A last question mark: how to find the best values for p and q parameters?
There are many ways to find the right values for p and q parameters. One way is to directly observe the plots of ACF (Autocorrelation function) and PACF (Partial Autocorrelation function). ACF measures the correlation between the time series data yt and a lagged version of itself yt–h. PACF measures the correlation between yt and yt–h after removing linear dependence on y1, y2, …, yt–h+1. This means that the intermediate correlations are eliminated and we keep only the residual correlation between yt and yt–h. ACF and PACF are tools to analyse the dependencies in a time series. So let’s plot ACF and PACF:
There are some rules to follow when analysing ACF and PACF plots in order to identify the numbers of AR and MA terms to consider:
- For an AR model, PACF drops when the order of the model (p) is reached while the ACF decreases exponentially. ACF will show some sinusoidal components for order higher than 1 (p>1). The number of non-zero partial autocorrelation will give the order (p) of AR.
- For an MA model, it is the opposite: the ACF will drop after the order (q) of the MA model is reached while the PACF will decrease exponentially. PACF will show some sinusoidal components for order higher than 1 (q>1).
- For ARIMA models (a mixture of both AR and MA models), we will see a mixture of exponentially decreasing and sinusoidal components (specially for orders higher than 1).
So, back to our plots, both ACF and PACF graphs above, show exponential decrease and some sinusoidal components. We can guess then that we have both AR and MA terms with orders higher than 1. PACF drops considerably at lag p=2 (it starts at zero at the graph but it represents the first lag) and ACF drops considerably at lag q=3, this gives us an estimation of the ARMA order = (2,3). The purple shadow on the two graphs represents the 95% confidence interval.

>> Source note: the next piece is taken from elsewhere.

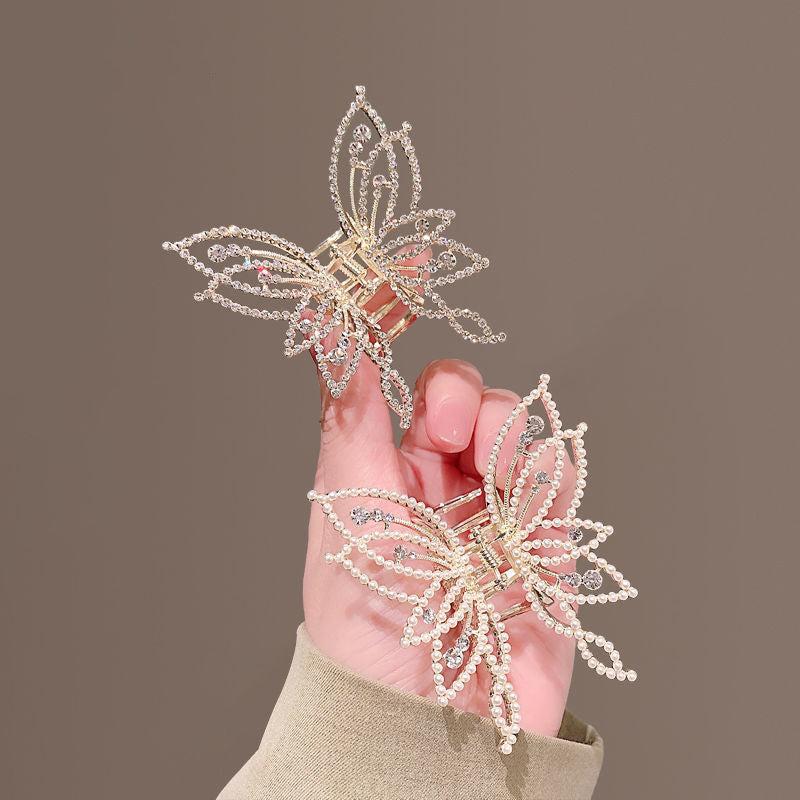 Medium Hair Claw Clip Butterfly Style Non Slip Rhinestone Pearl Decor Barrettes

Usually, using ACF and PACF only isn’t enough to find the best values for p and q parameters that avoid overfitting the model. The best way to tune these parameters is to grid-search them. To evaluate and compare different ARMA models with different parameters p and q, we will use the AIC (Akaike Information Criterion) value, which is returned with ARIMA models in statsmodels. The AIC measures how well a model fits the data while taking into account the overall complexity of the model. We will write this code to do it.
A model that fits the data very well while using lots of features will be assigned a larger AIC score than a model that uses fewer features to achieve the same fit. Thus, we are interested in finding the model that yields the lowest
AIC value. The lowest returned AIC value above, is for (p,q)=(2,3). So we wil be using ARMA(2,3) model in the following to fit the data, we will also measure the MSE between real data and fitted data.
Now, that we defined a model for our time series data and estimated its MSE, we can use it to produce forecasts:
We represent the 10-year historic weather data with the red line and the next 10-year predicted data with the blue line. The grey area represents the 95% confidence interval.
We can see that the forecasted values match pretty closely the observed average temperature and they are all within the confidence interval of the forecast. Besides, the MSE is reasonable compared to the one calculated on fitted data.
We can display the predicted values throughout this code line. Below are some prediction examples. We can see that the temperature is slightly increasing from 2022 to 2023:
This is an introductory tutorial for analysing time series data aiming to provide a standard approach to solve time series problems using ARIMA models. We saw how to use pandas and statsmodels in order to manipulate, model them using ARMA model and forecast the average temperature of France. In IoT applications, ARIMA can be used for modelling temporal data from sensors to perform predictions.